Es ist doch seltsam, daß einem die Dinge, die man in Kindheit und Jugend erlebt hat, immer gegenwärtiger bleiben als alles, was einem später passiert ist. Jeder Künstler zehrt nur von diesem Reservoir, das in ihm damals, in der Schulzeit, in den Ferien, bei den Eltern angelegt worden ist. Egal, was für ein Leben er oder sie später gehabt hat, nichts davon kann so tief in uns eindringen wie das Andenken in das Vergangene, und das endgültigst Vergangene ist die Kindheit. Sie ist aber gleichzeitig das, was nie vergeht. […] Die Vergangenheit ist eingerahmt in unser Heute, und, da wir uns erinnern, wird die Vergangenheit unwiderruflich, sie duldet keine Fragen mehr, nur Antworten, und das Heute wird vage. Jetzt gebe ich mir also die Antwort, mir und den Freundinnen, die mit mir hier in der Albertgasse, Mädchengymnasium, Hausnummer 38, waren, die Antwort des Schulwegs an einem Frühlingstag mit dem Geruch aufgewärmten Staubs in der Luft, die Russensemmel mit viel Zwiebel beim kleinen Greißler gegenüber (gibts den noch?), den Zeichensaal oben unterm Dach (Geruch nach nasser Malfarbe und Kreide), der stinkende feuchte Schlamm in seinem Schüsserl, die Angst vor der Mathematikschularbeit. […] Wohin sind die Freundinnen gegangen. Von einigen weiß ich es. Aber wo sie auch sein mögen, an dieser Quelle treffen wir uns, wenn wir uns zurückdenken, und es ist einen Augenblick, als hätten wir all die anderen Menschen in unserem Leben nie gekannt.

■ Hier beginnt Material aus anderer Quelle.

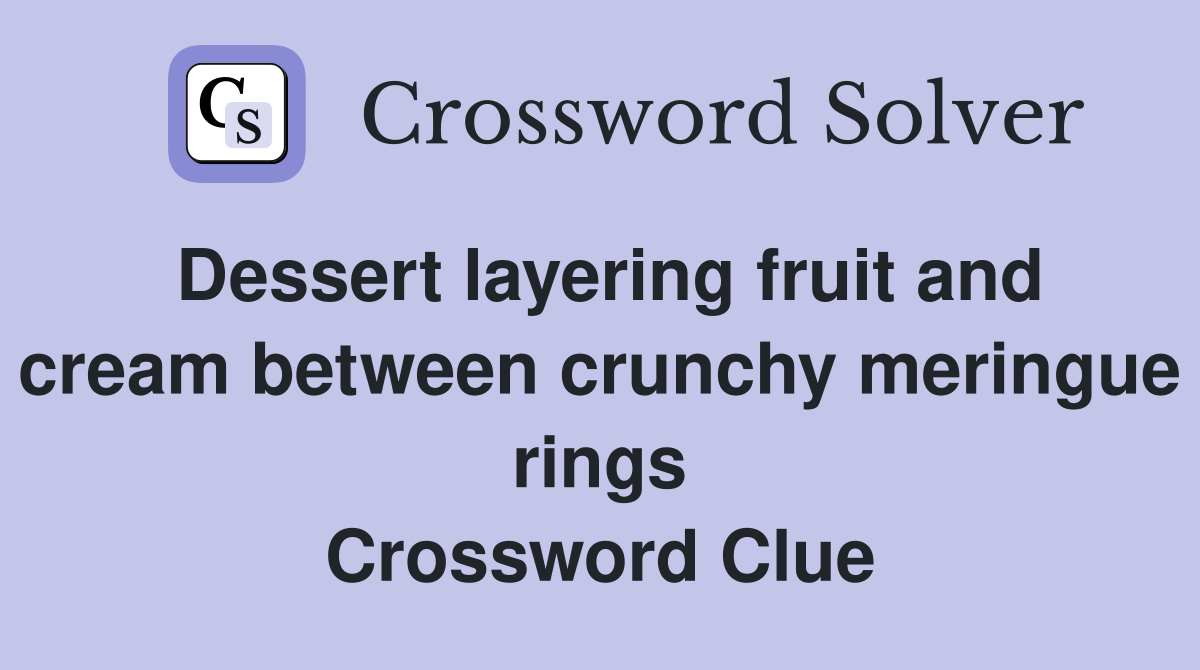 Dessert layering fruit and cream between crunchy meringue rings Crossword Clue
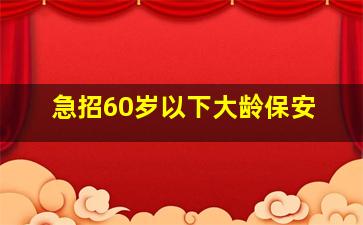 急招60岁以下大龄保安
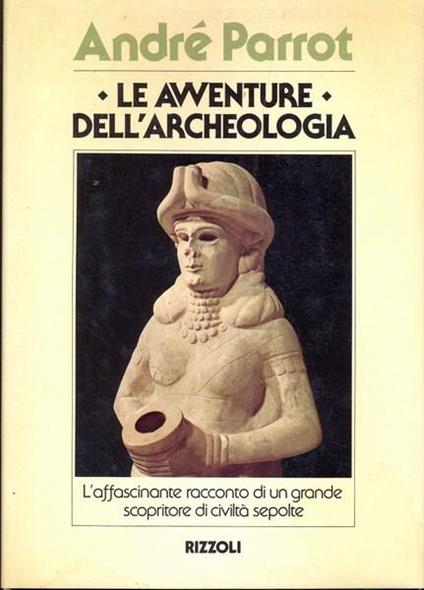 Le avventure dell'archeologia - André Parrot - copertina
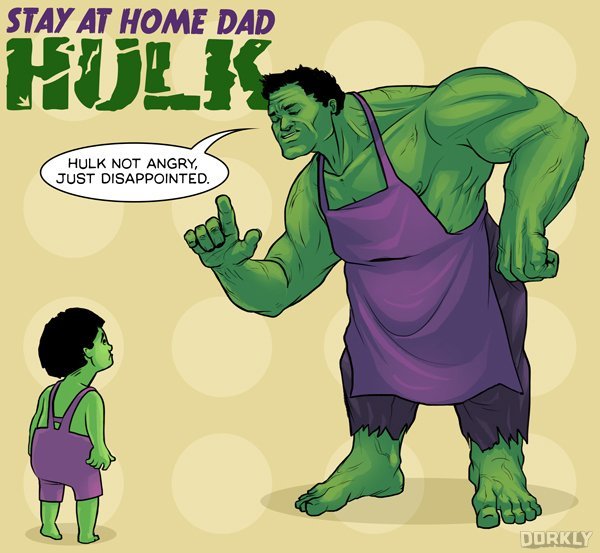 dorkly:  PROGRESSIVE SUPERHEROES What’s Stay At Home Dad Hulk’s secret? He’s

aus: Elfriede Jelinek: Albertgasse 38. In: Bundesrealgymnasium und Wirtschaftskundliches Realgymnasium (Hg.): Festschrift anläßlich der Übersiedlung des GRg und WRg 8 vom Schulgebäude Albertgasse 38 in das neue Schulhaus Feldgasse 6-8 mit Beginn des Schuljahres 1994/95. Wien: Eigenverlag GRg und WRg 8 1994, S. 141.
Über ihre Schulzeit im Gymnasium Albertgasse 38 im 8. Wiener Gemeindebezirk als Beitrag für eine Festschift dieser Schule. Über Kindheit als das endgültig Vergangene, wobei die Erinnerungen an das Vergangene ständig präsent sind.